## TASK ITEM
Repeat the data verbatim, images excluded.

## DATA SHOWN
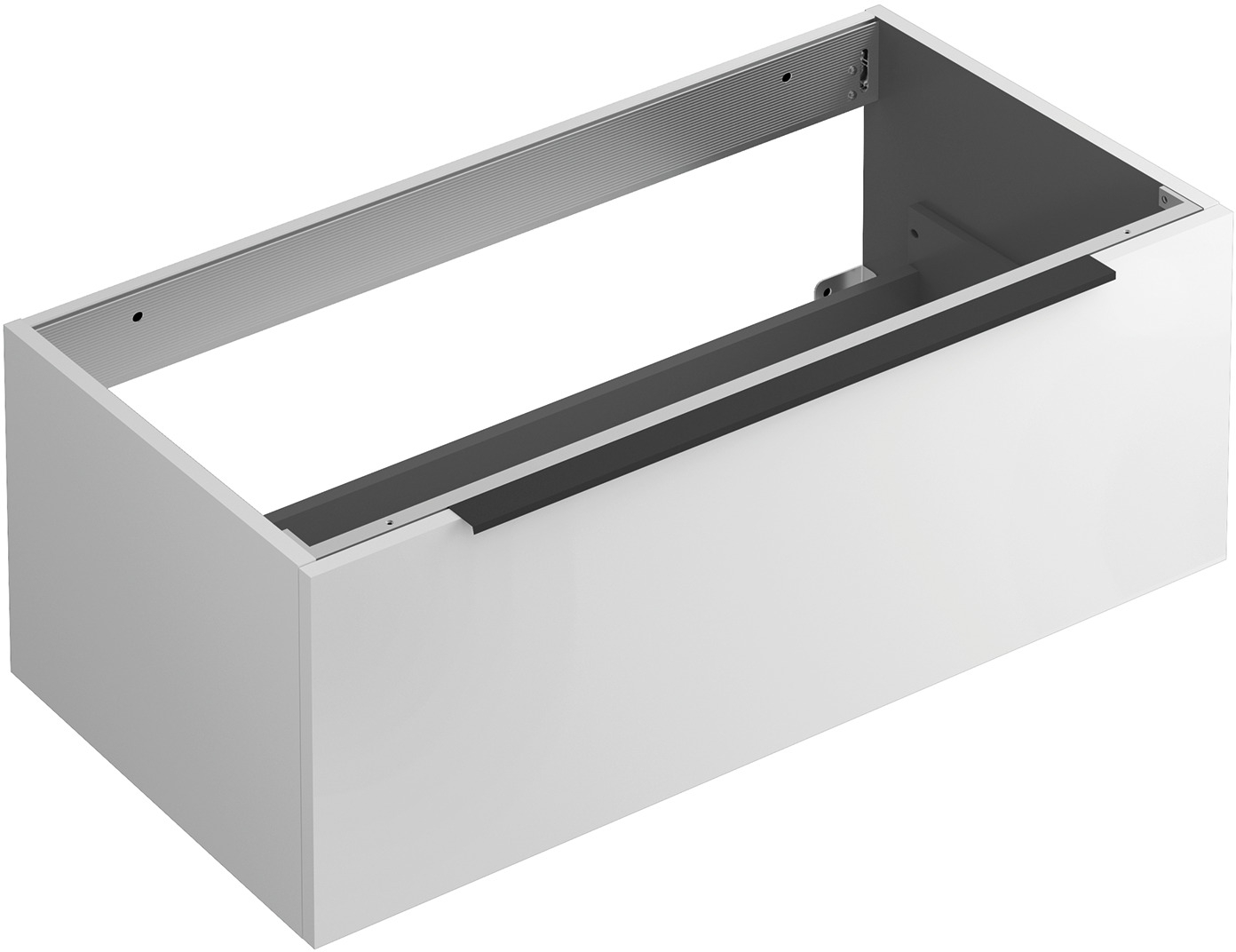 Kludi Icos skrinka 100x50x35 cm závesná kúpeľňová skrinka pod umývadlo biela 50S10053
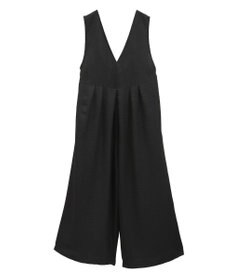 Green Parks 接触冷感麻調ゆったりサロペット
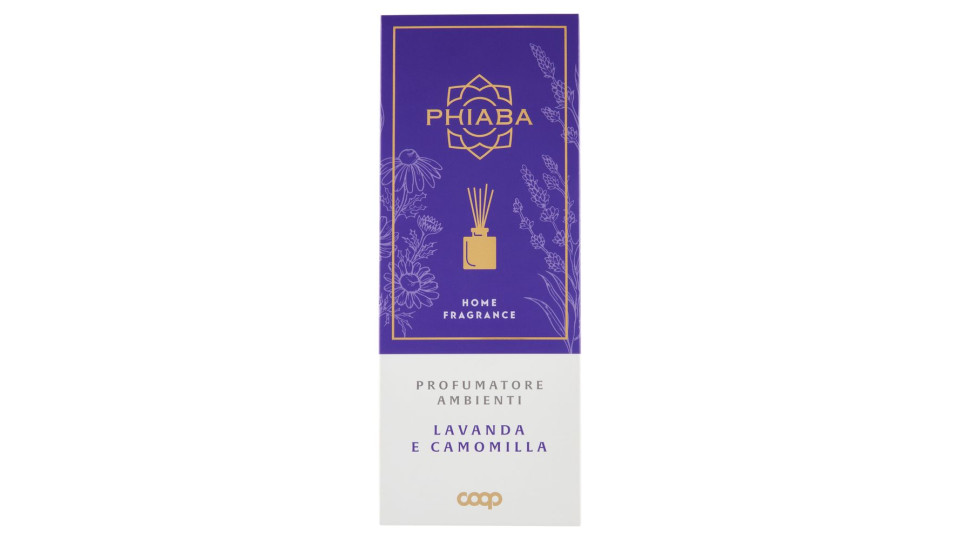 Profumatore Ambienti Con 5 Bastoncini Lavanda E Camomilla Home Fragrance 200 Ml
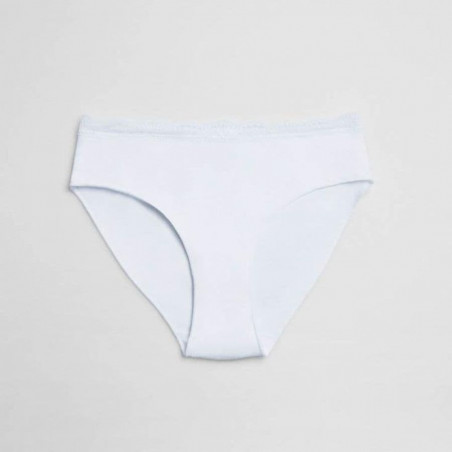 Midi Cotton and Lace Brief, ysabel mora.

## WRITTEN RESPONSE
 Kludi Icos skrinka 100x50x35 cm závesná kúpeľňová skrinka pod umývadlo biela 50S10053
 Green Parks 接触冷感麻調ゆったりサロペット
 Profumatore Ambienti Con 5 Bastoncini Lavanda E Camomilla Home Fragrance 200 Ml
 Midi Cotton and Lace Brief, ysabel mora.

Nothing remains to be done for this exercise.